妻は、やることをやって、次の作業を行う、そういう性分だ。つまり妻にとって私が今やるべきは、パソコンの修理などではなく、洗濯物をたたむ作業なのである。

おそらく妻の「何をしているのか」という投げかけには、洗濯物をたたんでほしいんだけどできるか、という文脈(コンテクスト)を含んでいる。

仮に「パソコンを修理している」と単純に答えたとしよう。妻の性分からして、次に今やらないといけないことかと問われ、そしてやることをやってそれに取り組んでほしいと苦言を呈されるだろう。これまで何度もやり取りしてきた経験が導く予想だ。さすがに何度も同じことを言われるのは癪に障る。

では「ちょっとやることがあって」と答えたらどうか。この言葉には「洗濯物をたたむ作業をしなければいけないことは承知であるが」というコンテキストを含む。パソコンの修理は、自分にとっては気になってしょうがない急用ではある。嘘ではない。
しかし、その内容を聞かれ、パソコンの修理であると答えたら、「それは今やらないといけないことか」という次の問いに対して説得できる理由を持ち合わせていない。結局、「やることをやって、取り組んでほしい」と苦言を呈される結末は変わらないことになる。

そして、私の導き出した最適解は「何もしていない」だった。

パソコンの不具合は気になるが、妻の立場になって考えると、洗濯物をたたむという家事に比べれば、何かをしているというレベルではない、というニュアンスである。

さらに、この答えには「今から洗濯物をたたむ作業をやります」というコンテクストも含んでいる。もっと言えば、「私は家に帰ったら洗濯物をたたむというタスクを認識している」という思いも含まれているのだが、そこまで伝わってほしいというのは欲張りかもしれない。
答えると、案の定妻は、洗濯物をたたんでほしいという要求を次に出した。想定通りだ。

私は裏蓋が外れたノートパソコンを眺めた。ノートパソコンの液晶不具合というのは、素人で修理しようとするには、かなり難易度が高いといえる。
液晶は部品の中でも高額な方であるし、両面テープなどでしっかりと止められていることも多く、無理に分解しようとして縁のプラスチック部分を破損することもよくある。
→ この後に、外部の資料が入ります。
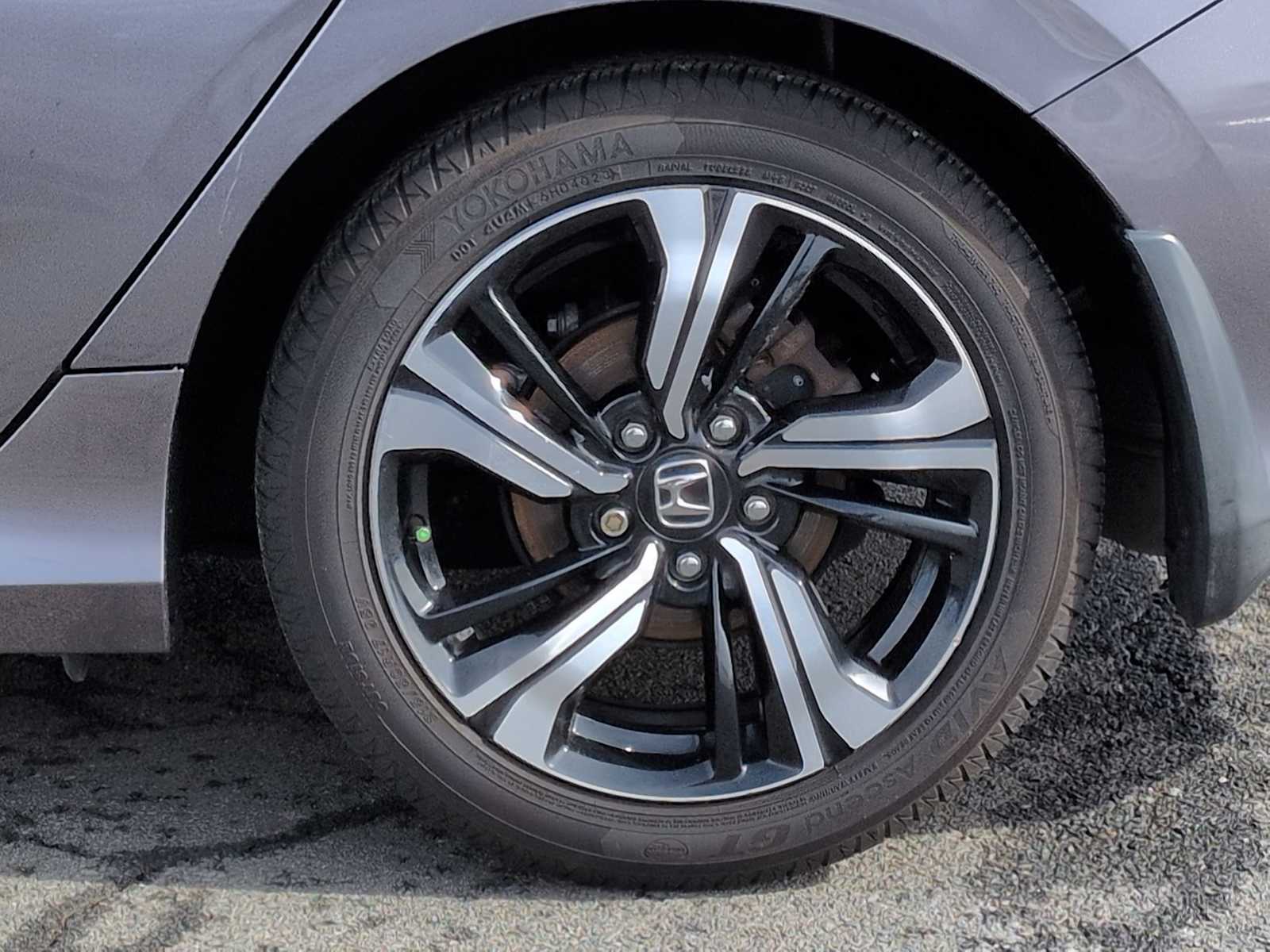 Thumbnail: 2017 Honda Civic - 14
そんなことを考えながら、とりあえず開けていたノートパソコンの底面のネジを留め、洗濯物をたたむためにリビングに向かった。

少し予感はしてた。

自分ではさほど時間が経っていないと思っているが、妻の性格的に言えば、「直ちに」ではなかったのだ。

すでに洗濯物はたたまれた後だった。不穏な予感しかしない。妻は明らかに不機嫌な顔をしている。

「何もしてなかったんでしょ」

妻の口調には怒りの感情が込められていた。
私は、ここは正直に言うべきかと思い、

「ちょっとパソコンの修理をしてて、後片付けをしてたので遅くなって」と口にした。

妻はこう答えた。

「何もしてないと言ったじゃない。嘘じゃん」

おいおいおいおいちょっと待て。
言いたいことが3つある。

まず、当初の依頼に「すぐに」という言葉は含まれていなかったではないか。
いや確かに妻の性格上、「今すぐに」というコンテクストが含まれていたかもしれない。が、コンテクストはときに曖昧である。明言されていない以上、怒られるほどのことではないはずである。
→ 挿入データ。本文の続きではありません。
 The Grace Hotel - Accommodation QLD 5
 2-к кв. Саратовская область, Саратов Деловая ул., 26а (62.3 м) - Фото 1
しかも、そもそも私は「洗濯物は帰ったらすぐにたたまないといけない」とはあまり思っていない。例外として、外干ししていた場合、夜になると気温が下がるため、せっかくの洗濯物が冷えたり湿気たりするので、早めに取り込むべきというのは理解できる。

しかし本日は部屋干しである。多少の作業の後だとしても何も問題なかろう、という認識が自分の中で優っていた。今考えると妻の「今すぐに」というコンテクストをあえて読まなかったとも言える。

ふたつ目は、夫に洗濯物の処理を頼んでおきながら、なぜ自分でしてしまっているのか、ということである。頼んだのだったら、全て任せればいいではないか。
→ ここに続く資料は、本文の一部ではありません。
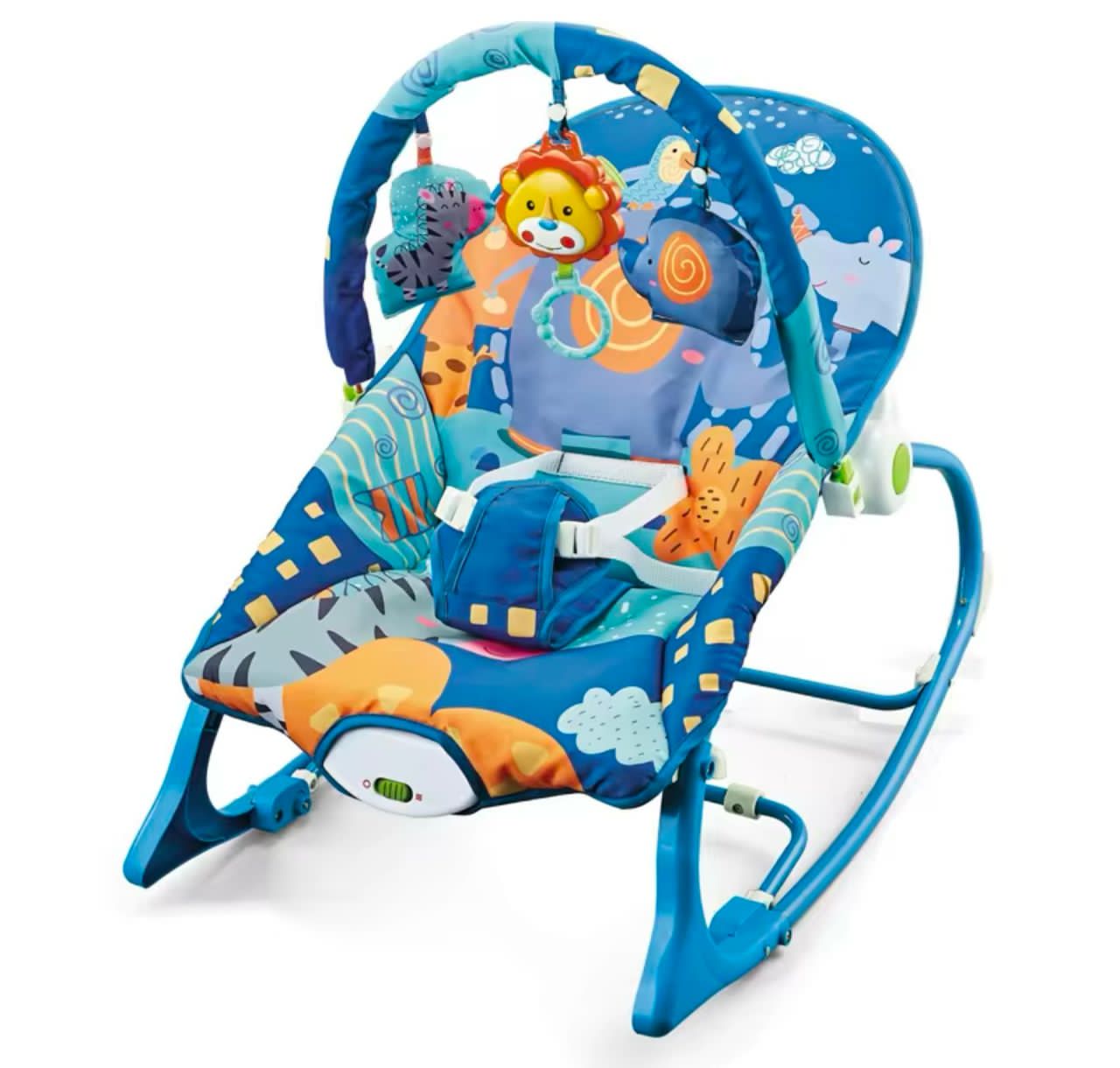 Transat vibrant musical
そして最後にして最大の言いたいこと、それは嘘つき呼ばわりしたという点だ。

「妻からの依頼はすべて引き受けます」というコンテクストを含んだこの言葉を、まさか嘘だと言われるとは思ってもいなかった。

正直カチンと来た私は、妻に対して、

「いや、ウソではないよ。パソコンの修理をやってはいたけど、あなたにとっては大したことないことだから、なんかあったらするよ、っていう意味で言ったんだよ」

「いやでも、何かしてた訳でしょ。何もしてないのはウソじゃない。」

ああこれはダメだ、分かってくれない。
頭に血が上るのを自覚した私は、少々声を荒ぶりながら、自分の言い分を必死に伝えた。妻も一歩も引かない。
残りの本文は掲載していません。